Was tun nach dem Abzug?

Zehn-Punkte-Plan für Frieden im und mit dem Irak. Ein Vorschlag des schwedischen Instituts TFF – Transnational Foundation for Future Peace Research

junge Welt, 27.02.2008 / Schwerpunkt / Seite 3 
 
Besatzer und Besetzte – Militärrazzia in Bagdad
Besatzer und Besetzte – Militärrazzia in Bagdad
* Der Chef des im schwedischen Lund ansässigen Friedensinstituts TFF Jan Oberg und der langjährige UN-Diplomat Hans von Sponeck (Genf) haben zusammen mit Annabel McGoldrick (Sydney), Vicky Rossi (Jerusalem) und Annette Schiffmann (Heidelberg) einen Vorschlag zur Beendigung der US-Besatzung im Irak ausgearbeitet. junge Welt dokumentiert das Papier auszugsweise. Die Übersetzung aus dem Englischen besorgte Jürgen Heiser.

1. Ende der Besatzung durch den Rückzug ausländischer Truppen und Söldner und den Abbau der Militärstützpunkte

Die heutige Existenz organisierter Widerstandgruppen im Irak ist eine direkte Folge des Einmarsches von 2003 und der nachfolgenden Besatzung. Das Gleiche gilt für terroristische Gruppen wie Al-Qaida und Al-Qaida-in-Mesopotamien. Die Besatzungsmächte haben eine bürgerkriegsähnliche Situation provoziert, indem sie einzelne sektiererische und ethnische Gruppen gegeneinander ausgespielt haben. Die gegenwärtigen Konflikte und die Gewalt unter Irakern – beispielsweise zwischen schiitischen und sunnitischen Muslimen – wären ohne die Besatzung und Einmischung von außen nicht entstanden. Iraker aus allen Gesellschaftsschichten sind sich sicher, daß der Rückzug ausländischer Truppen eher zu einem Rückgang als zu einem weiteren Anwachsen der Gewalt führen würde.

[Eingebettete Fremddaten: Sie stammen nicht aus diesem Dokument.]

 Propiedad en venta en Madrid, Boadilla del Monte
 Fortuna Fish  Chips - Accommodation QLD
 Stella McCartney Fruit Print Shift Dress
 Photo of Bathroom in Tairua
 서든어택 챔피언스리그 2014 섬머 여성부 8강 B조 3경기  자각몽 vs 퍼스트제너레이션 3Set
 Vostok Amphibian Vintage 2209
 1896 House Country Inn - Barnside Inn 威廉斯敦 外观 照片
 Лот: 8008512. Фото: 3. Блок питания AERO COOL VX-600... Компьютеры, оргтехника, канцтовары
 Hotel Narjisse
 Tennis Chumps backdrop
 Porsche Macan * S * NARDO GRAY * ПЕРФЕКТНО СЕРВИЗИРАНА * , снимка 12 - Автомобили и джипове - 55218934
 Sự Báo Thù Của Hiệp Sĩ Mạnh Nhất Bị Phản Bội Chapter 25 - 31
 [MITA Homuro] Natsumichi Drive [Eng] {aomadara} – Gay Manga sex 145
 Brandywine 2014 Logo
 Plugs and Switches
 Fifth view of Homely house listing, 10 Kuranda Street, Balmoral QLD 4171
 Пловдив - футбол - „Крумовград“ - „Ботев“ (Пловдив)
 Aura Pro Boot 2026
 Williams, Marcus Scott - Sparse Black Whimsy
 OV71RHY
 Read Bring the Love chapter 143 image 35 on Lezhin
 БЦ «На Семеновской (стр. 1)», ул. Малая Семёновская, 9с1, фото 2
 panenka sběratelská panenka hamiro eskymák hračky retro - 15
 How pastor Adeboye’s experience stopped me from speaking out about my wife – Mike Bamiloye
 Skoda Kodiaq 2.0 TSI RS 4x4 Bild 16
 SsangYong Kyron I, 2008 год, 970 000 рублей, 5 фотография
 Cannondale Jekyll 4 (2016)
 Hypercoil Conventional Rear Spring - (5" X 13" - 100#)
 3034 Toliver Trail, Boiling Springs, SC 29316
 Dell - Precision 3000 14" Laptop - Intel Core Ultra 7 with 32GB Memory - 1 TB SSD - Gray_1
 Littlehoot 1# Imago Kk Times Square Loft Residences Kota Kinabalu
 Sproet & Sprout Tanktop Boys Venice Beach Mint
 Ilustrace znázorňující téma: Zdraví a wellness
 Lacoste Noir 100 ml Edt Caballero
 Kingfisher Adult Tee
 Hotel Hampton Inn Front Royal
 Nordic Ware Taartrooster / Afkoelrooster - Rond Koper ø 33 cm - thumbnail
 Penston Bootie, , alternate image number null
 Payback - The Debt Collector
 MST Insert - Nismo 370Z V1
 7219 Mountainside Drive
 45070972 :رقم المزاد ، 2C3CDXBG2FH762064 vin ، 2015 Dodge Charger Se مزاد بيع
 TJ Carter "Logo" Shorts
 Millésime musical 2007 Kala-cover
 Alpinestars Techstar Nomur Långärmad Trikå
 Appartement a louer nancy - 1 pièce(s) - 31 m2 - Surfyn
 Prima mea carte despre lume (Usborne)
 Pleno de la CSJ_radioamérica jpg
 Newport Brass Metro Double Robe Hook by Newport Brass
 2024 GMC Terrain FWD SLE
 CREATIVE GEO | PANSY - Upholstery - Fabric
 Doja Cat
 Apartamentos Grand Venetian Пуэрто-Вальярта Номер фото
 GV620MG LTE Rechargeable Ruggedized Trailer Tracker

Das Ende der Besatzung muß zeitlich sowohl mit der Schließung von ausländischen Militärstützpunkten, dem Abzug von ausländischem Militär und von privaten Sicherheitsdiensten und Söldnern zusammenfallen als auch mit der Verkleinerung der US-Botschaft. Sie alle sind Inbegriff einer Besatzungsmacht und deren Interesse an den Energieressourcen des Irak.

2. Wiedererrichtung und Respektierung der irakischen Souveränität und territorialen Integrität

Es gibt zu viele vereinfachende Auffassungen über das Land Irak. Eine besagt, daß es dort hauptsächlich drei deutlich voneinander zu unterscheidende Gruppen gibt: die Kurden im Norden, die Sunniten im Zentrum und die Schiiten im Süden. Bei dieser Betrachtungsweise wird nicht nur die ethnische und religiöse Zugehörigkeit durcheinandergebracht, sie ist auch faktisch falsch. Erstens sind die Kurden in ihrer Mehrheit Sunniten, und zweitens haben sich Araber und Kurden traditionell in den meisten Teilen des Landes vermischt. Vor der Invasion lebten in Bagdad ungefähr eine Million Kurden – weltweit die größte Konzentration in einem städtischen Gebiet.

Die »Drei-Gruppen-Theorie« hat einige Außenstehende dazu gebracht, auf unverantwortliche Weise die Teilung des Irak in drei autonome, wenn nicht sogar völlig voneinander getrennte Gebiete zu erwägen. Der internationale Beitrag zur Unterstützung des Landes muß vor allem darauf abzielen, dem Irak als Einheit und nicht als dreigeteiltem Land zu helfen. Was auch immer dort passiert, es ist Sache der Iraker, das zu entscheiden und ein Einvernehmen herzustellen.

3. Eine von den Vereinten Nationen geleitete friedensbildende Mission

Will die UNO als Partner überzeugen, muß sie eine eindeutige Bereitschaft zu einer respektvollen Partnerschaft mit dem irakischen Volk zeigen. Zusätzlich muß eine breit aufgestellte UN-Mission ihre Bemühungen mit der Liga der Arabischen Staaten, der Organisation der Islamischen Konferenz (OIC), dem Golf-Kooperationsrat (GCC) und unter Umständen mit der Organisation für Sicherheit und Zusammenarbeit in Europa (OSZE) und der Europäischen Union verknüpfen und abstimmen.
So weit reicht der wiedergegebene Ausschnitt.